Goldman Sachs (GS) is preparing to downsize in the coming weeks, chief executive David Solomon told staff in a year-end audio message.
The head of Wall Street’s leading investment bank told employees it was carrying out a workforce review at the company and having discussions about layoffs likely to take place in the first half of January, Bloomberg reported Wednesday.
Goldman Sachs declined to comment.
“There are a variety of factors impacting the business landscape, including tighter monetary conditions that are slowing economic activity,” Solomon was quoted as saying. “For our leadership team, the focus is on preparing the business for these headwinds.”
Bloomberg also reported that senior executives were asked to identify potential cost-cutting targets and that a final tally of job cuts had not been determined.
Earlier this month, Semafor reported Goldman planned to cut up to 8% of its workforce, or around 4,000 jobs.
The bank employed 49,100 people at the end of the third quarter, according to a regulatory filingup from 43,000 in the same period last year following an increase in hiring throughout 2021 as trading activity soared after the peak of the pandemic.
The talks of layoffs come after a substantial slowdown in bank profits this year as market volatility slashed income at investment banks – and as many firms cut labor costs to reduce in anticipation of a possible recession.
At the Wall Street Journal CEO Council Summit earlier this month, Solomon acknowledged the banking industry’s aggressive hiring last year and in 2020 he maintained record deal activity during the period.
“It’s a natural phenomenon so you have to cut back in certain areas and step back, and so we’re thinking about how we’re going to do that,” Solomon said. “But of course we will have to reduce our footprint a bit.”
In an earnings call earlier this year, Goldman Sachs said it would restore annual performance reviews have been halted during the pandemic, a strategy that has historically served to weed out laggards — in addition to slowing hiring.
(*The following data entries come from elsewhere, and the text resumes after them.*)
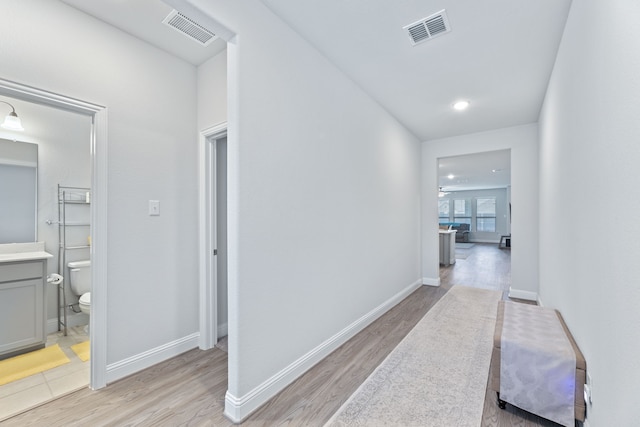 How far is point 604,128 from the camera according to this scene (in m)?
1.21

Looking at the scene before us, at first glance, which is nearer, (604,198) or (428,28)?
(604,198)

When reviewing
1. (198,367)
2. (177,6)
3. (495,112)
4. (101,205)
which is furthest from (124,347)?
(495,112)

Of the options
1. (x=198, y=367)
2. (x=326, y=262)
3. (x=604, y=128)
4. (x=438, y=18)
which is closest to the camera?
(x=604, y=128)

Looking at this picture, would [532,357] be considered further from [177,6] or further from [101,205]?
[101,205]

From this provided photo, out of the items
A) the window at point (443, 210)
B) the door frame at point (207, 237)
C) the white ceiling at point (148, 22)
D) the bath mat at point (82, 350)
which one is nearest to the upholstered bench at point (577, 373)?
the door frame at point (207, 237)

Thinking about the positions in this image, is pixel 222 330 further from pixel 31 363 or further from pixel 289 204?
pixel 289 204

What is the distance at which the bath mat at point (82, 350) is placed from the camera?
2391 mm

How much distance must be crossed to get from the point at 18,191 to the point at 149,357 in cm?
230

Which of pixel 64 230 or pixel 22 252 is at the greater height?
pixel 64 230

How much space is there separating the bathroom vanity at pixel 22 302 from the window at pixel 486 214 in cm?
1479

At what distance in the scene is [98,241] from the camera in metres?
1.97

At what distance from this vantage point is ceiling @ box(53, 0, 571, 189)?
1.85 m

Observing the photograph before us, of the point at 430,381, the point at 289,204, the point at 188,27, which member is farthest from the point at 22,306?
the point at 430,381

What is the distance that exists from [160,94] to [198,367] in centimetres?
235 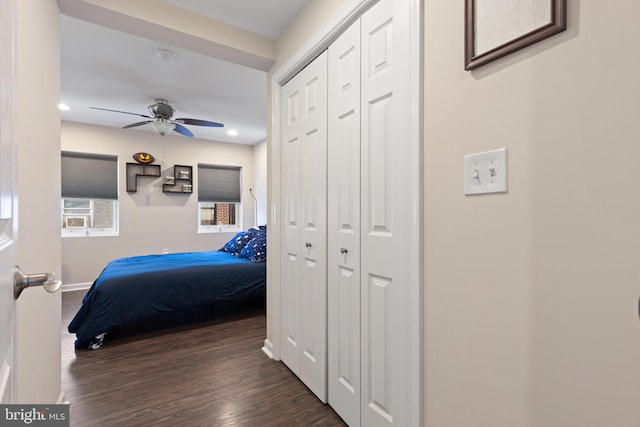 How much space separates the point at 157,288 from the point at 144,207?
8.34ft

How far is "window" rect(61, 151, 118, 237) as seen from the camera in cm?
446

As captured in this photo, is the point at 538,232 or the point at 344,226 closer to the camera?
the point at 538,232

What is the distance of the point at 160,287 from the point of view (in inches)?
114

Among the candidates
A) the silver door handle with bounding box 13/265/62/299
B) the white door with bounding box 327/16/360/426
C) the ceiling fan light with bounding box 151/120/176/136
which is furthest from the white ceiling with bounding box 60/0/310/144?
the silver door handle with bounding box 13/265/62/299

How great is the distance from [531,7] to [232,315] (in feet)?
11.3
A reduction of up to 8% would go beyond its typical annual underperforming cull.
Financial industry peers have also discussed or announced layoffs. Morgan StanleyMRS) has would have cut about 2% of its workforce this month, while Citigroup (VS) also fired some workers, although the latter noted that this was only a usually annual call.
@JP MorganJPM) and Bank of America (BAC) took a more cautious approach to potential job cuts.
“You have to be very careful when you have a bit of a downturn to start cutting bankers here and there because you’re hurting the possibility of growth going forward,” said Daniel Pinto, president and chief operating officer of JPMorgan. said at an investor conference in September.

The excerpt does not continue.